2005 AMC 12A Problems/Problem 15

Problem

Let $\overline{AB}$ be a diameter of a circle and $C$ be a point on $\overline{AB}$ with $2 \cdot AC = BC$ . Let $D$ and $E$ be points on the circle such that $\overline{DC} \perp \overline{AB}$ and $\overline{DE}$ is a second diameter. What is the ratio of the area of $\triangle DCE$ to the area of $\triangle ABD$ ?

$(\text {A}) \ \frac {1}{6} \qquad (\text {B}) \ \frac {1}{4} \qquad (\text {C})\ \frac {1}{3} \qquad (\text {D}) \ \frac {1}{2} \qquad (\text {E})\ \frac {2}{3}$

Solution

Notice that the bases of both triangles are diameters of the circle.
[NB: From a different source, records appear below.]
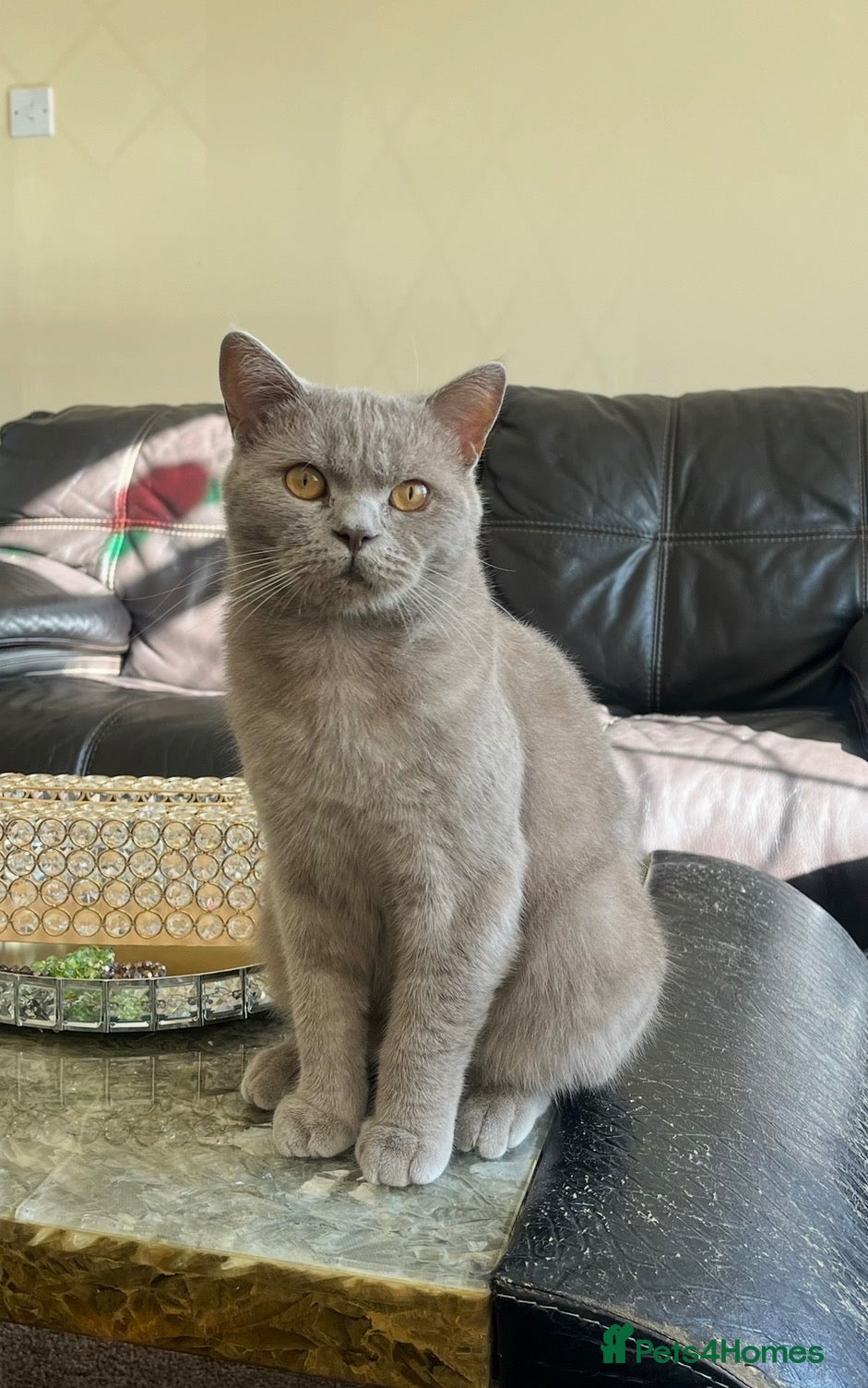 British Shorthair cats Full trained British Shorthair - Advert 1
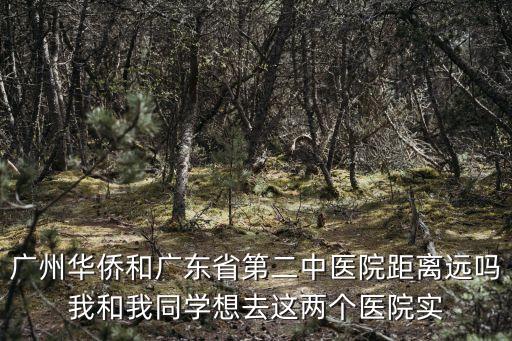 廣州華僑和廣東省第二中醫院距離遠嗎我和我同學想去這兩個醫院實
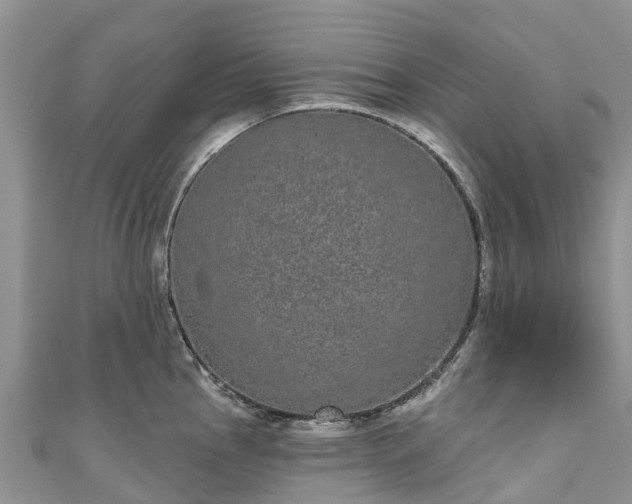 X0000110961145200906261336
Hence the ratio of the areas is just the ratio of the heights of the triangles, or $\frac{CD}{CF}$ ( $F$ is the foot of the perpendicular from $C$ to $DE$ ).

Call the radius $r$ . Then $AC = \frac 13(2r) = \frac 23r$ , $CO = \frac 13r$ . Using the Pythagorean Theorem in $\triangle OCD$ , we get $\frac{1}{3}r^2 + CD^2 = r^2 \Longrightarrow CD = \frac{2\sqrt{2}}3r$ .

Now we have to find $CF$ . Notice $\triangle OCD \sim \triangle OFC$ , so we can write the proportion:

$\frac{OF}{OC} = \frac{OC}{OD}$
$\frac{OF}{\frac{1}{3}r} = \frac{\frac{1}{3}r}{r}$
$OF = \frac 19r$

By the Pythagorean Theorem in $\triangle OFC$ , we have $\left(\frac{1}{9}r\right)^2 + CF^2 = \left(\frac{1}{3}r\right)^2 \Longrightarrow CF = \sqrt{\frac{8}{81}r^2} = \frac{2\sqrt{2}}{9}r$ .

Our answer is $\frac{CD}{CF} = \frac{\frac{2\sqrt{2}}{3}r}{\frac{2\sqrt{2}}{9}r} = \frac 13 \Longrightarrow \mathrm{(C)}$ .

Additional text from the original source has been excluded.